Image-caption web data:
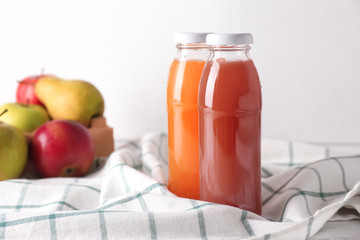 Bottles of fresh juices on table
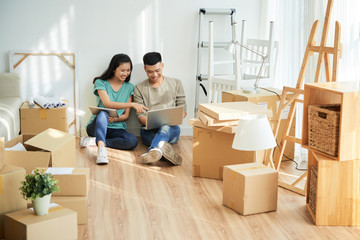 Cheerful Asian couple sitting on floor among carton boxes and browsing digital devices while relocating into new apartment together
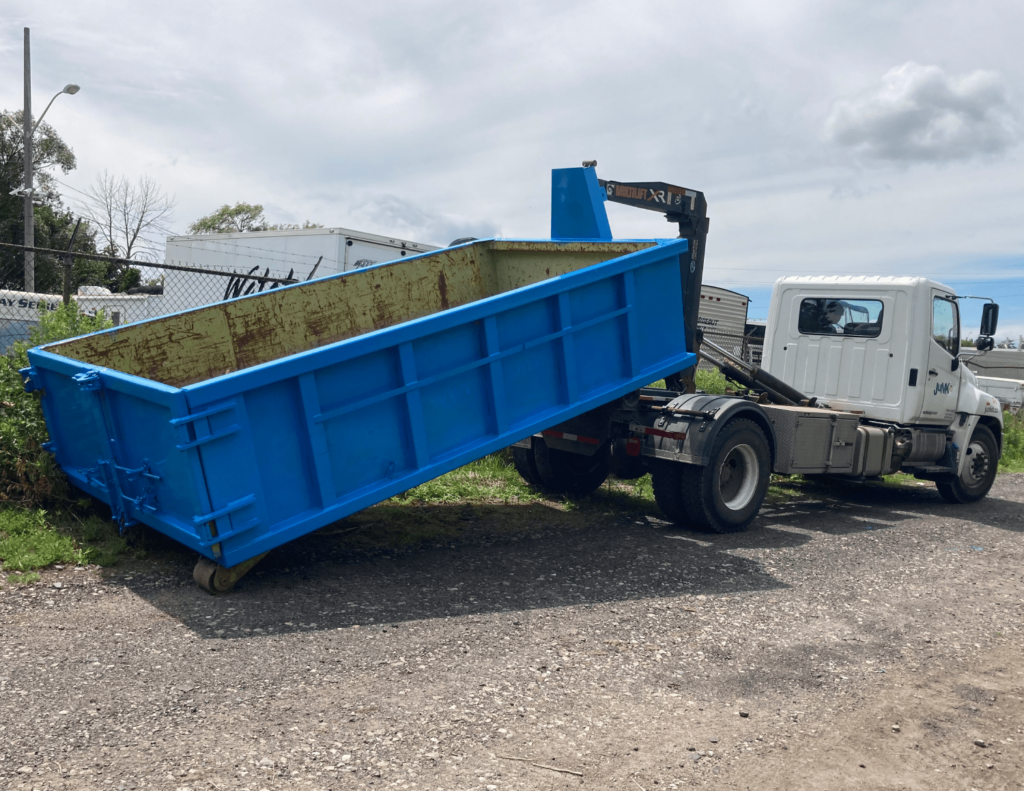 white truck delivering a rented junk it garbage bin in Canada - learn more other FAQs of renting garbage bins
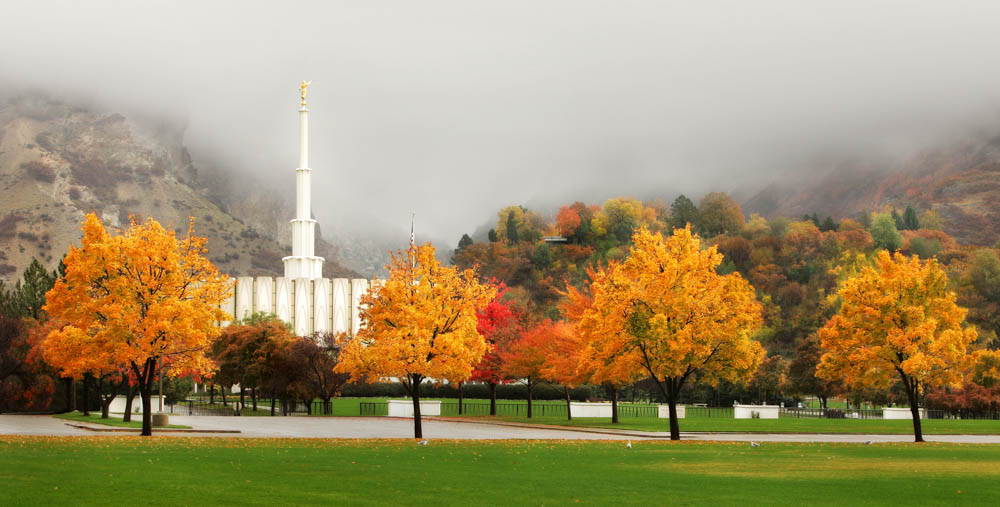 Panoramic photo of the Provo Temple surrounded by autumn trees and fog.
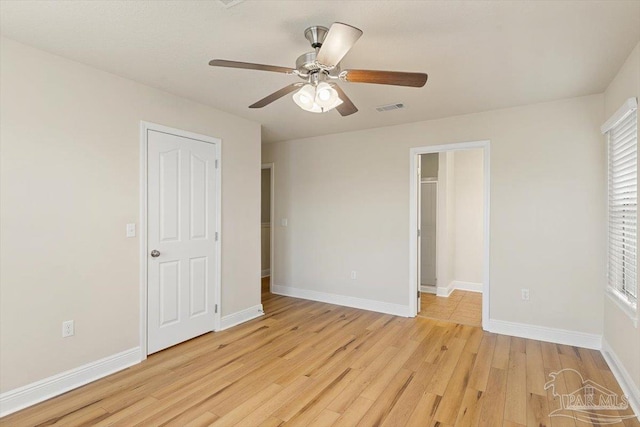 8868 Sanderling Ln, Navarre, FL 32566 - unfurnished bedroom featuring light wood-style floors, baseboards, a ceiling fan, and a walk in closet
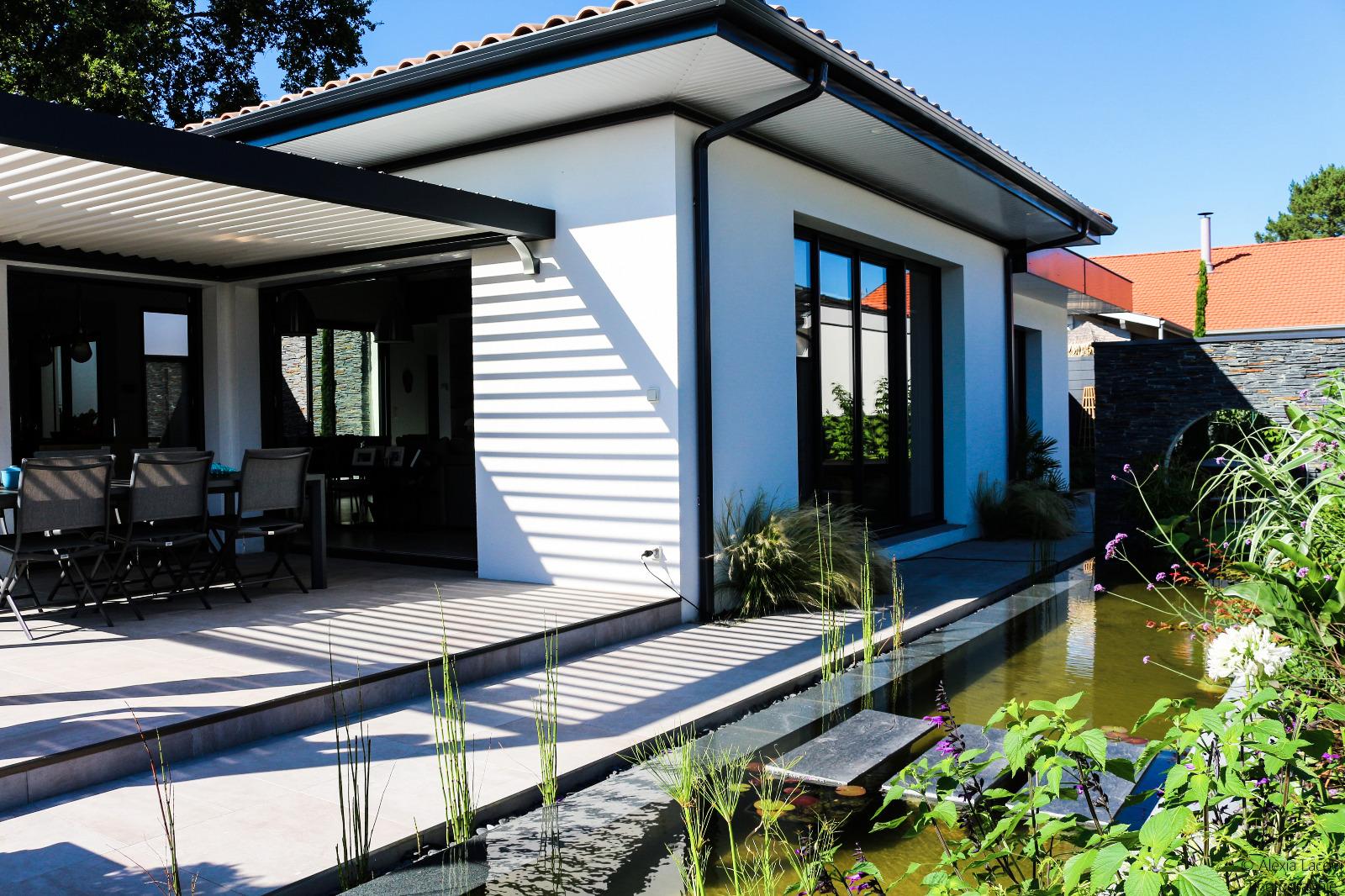 Photo de l'arrière d'une maison à côté d'un bassin extérieur.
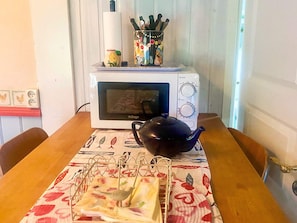 Een magnetron op een tafel, samen met een theepot en een doek.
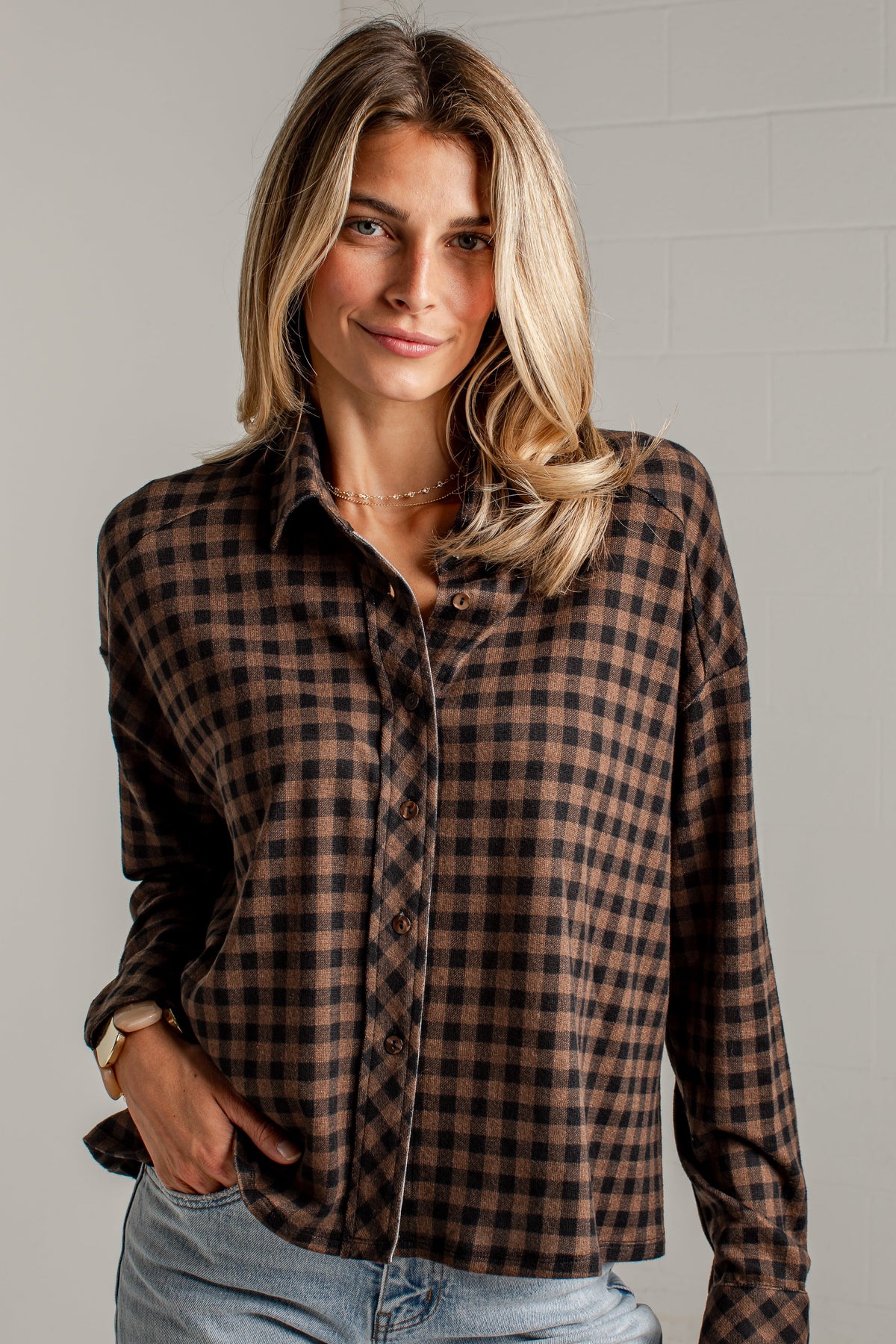 A woman wearing a brown and black checkered long-sleeve button-up shirt with light blue jeans, standing against a light gray brick wall.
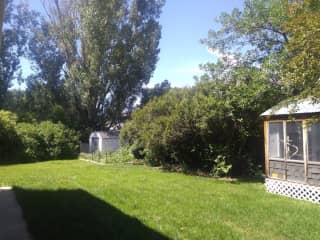 Large yard with veggie garden, bbq and dinning area. We use the wooden out building as a yoga/exercise room with rock-climbing hang board.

# Your objective
Your answer must be the lines from the one containing "Een magnetron op" through the last line of the records, both included, written out exactly and without pictures.

# Written answer
 Een magnetron op een tafel, samen met een theepot en een doek.
 A woman wearing a brown and black checkered long-sleeve button-up shirt with light blue jeans, standing against a light gray brick wall.
 Large yard with veggie garden, bbq and dinning area. We use the wooden out building as a yoga/exercise room with rock-climbing hang board.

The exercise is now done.